I'm trying to model a problem in GLPK but it turned out to be non linear.

A simplified version of the model is written below. Basically it is a weighted average of a set of features of all enabled points substracting a cost associated to enabling those points, provided there are exactly P enabled points.

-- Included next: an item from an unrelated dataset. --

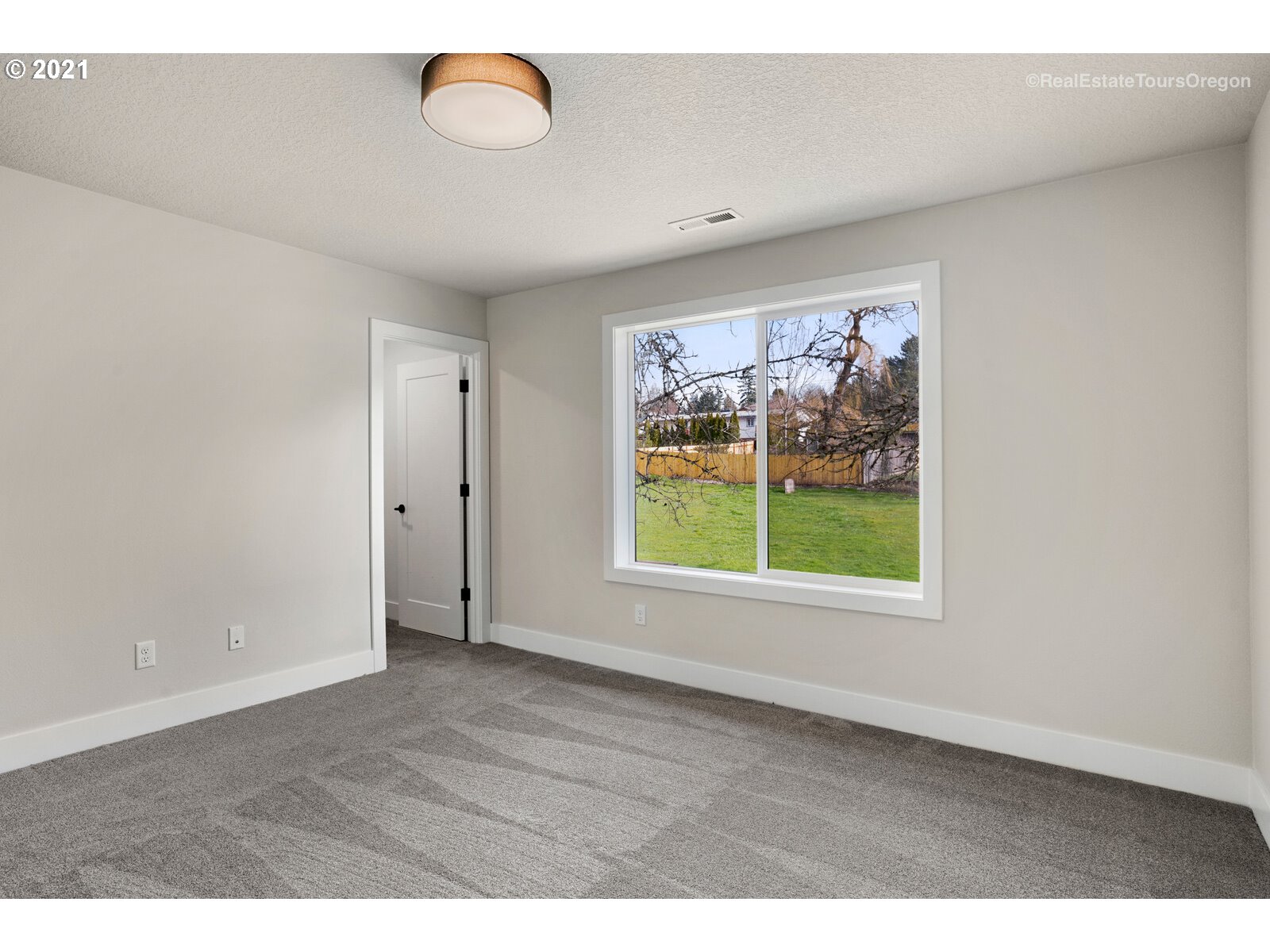 7009 Southwest Taylors Ferry Road Portland, OR 97223 - Photo 27 of 32 Gallery Image 27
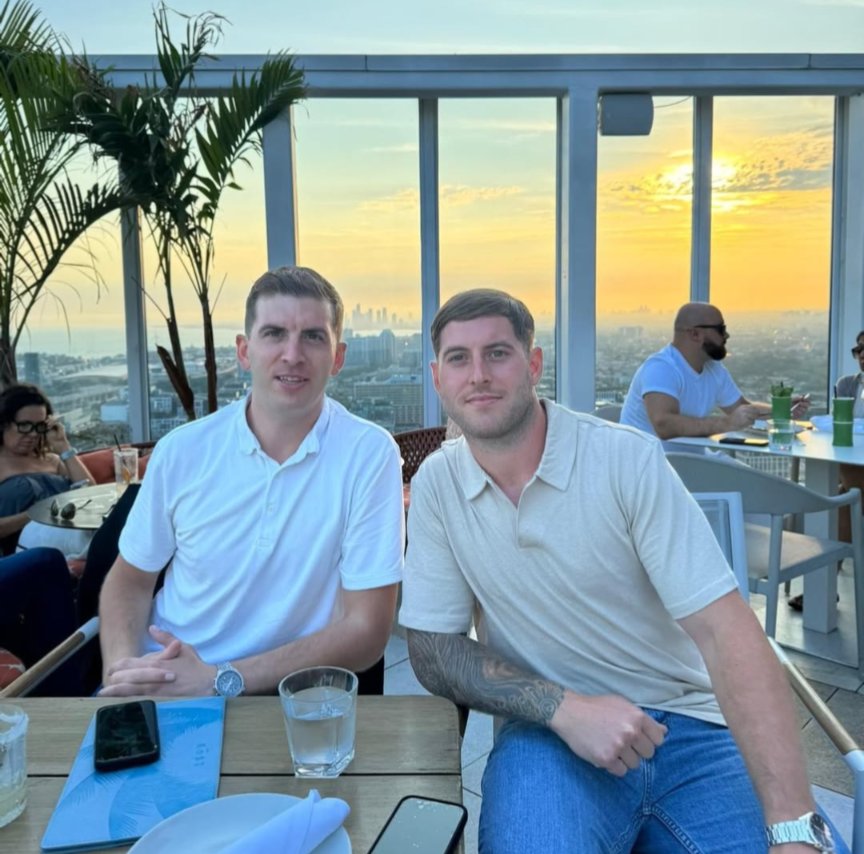 Horndean_FC's tweet image. We are devastated to hear of the tragic passing of Luke Kellett-Smith, brother of Deans player Matt.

$\max {\sum_{i=1}^N { f_i \times e_i \times w_i } \over \sum_{i=1}^N { e_i \times w_i } } - \sum_{i=1}^N {c_i \times e_i}$

Subject to constraint $\sum_{i=1}^N e_i = P$

Where:

  • e (enabled) is a vector of either 0 or 1 (decision variable)
  • f (feature) is a vector of decimal numbers in [0,1] (precomputed)
  • w (weight) is a vector of decimal numbers in [0,1] (precomputed)
  • c (cost) is a vector of decimal numbers in [0,1] (precomputed)

The model is very simple so I'm guessing there probably is a way to linearize it or some workaround I'm not aware of.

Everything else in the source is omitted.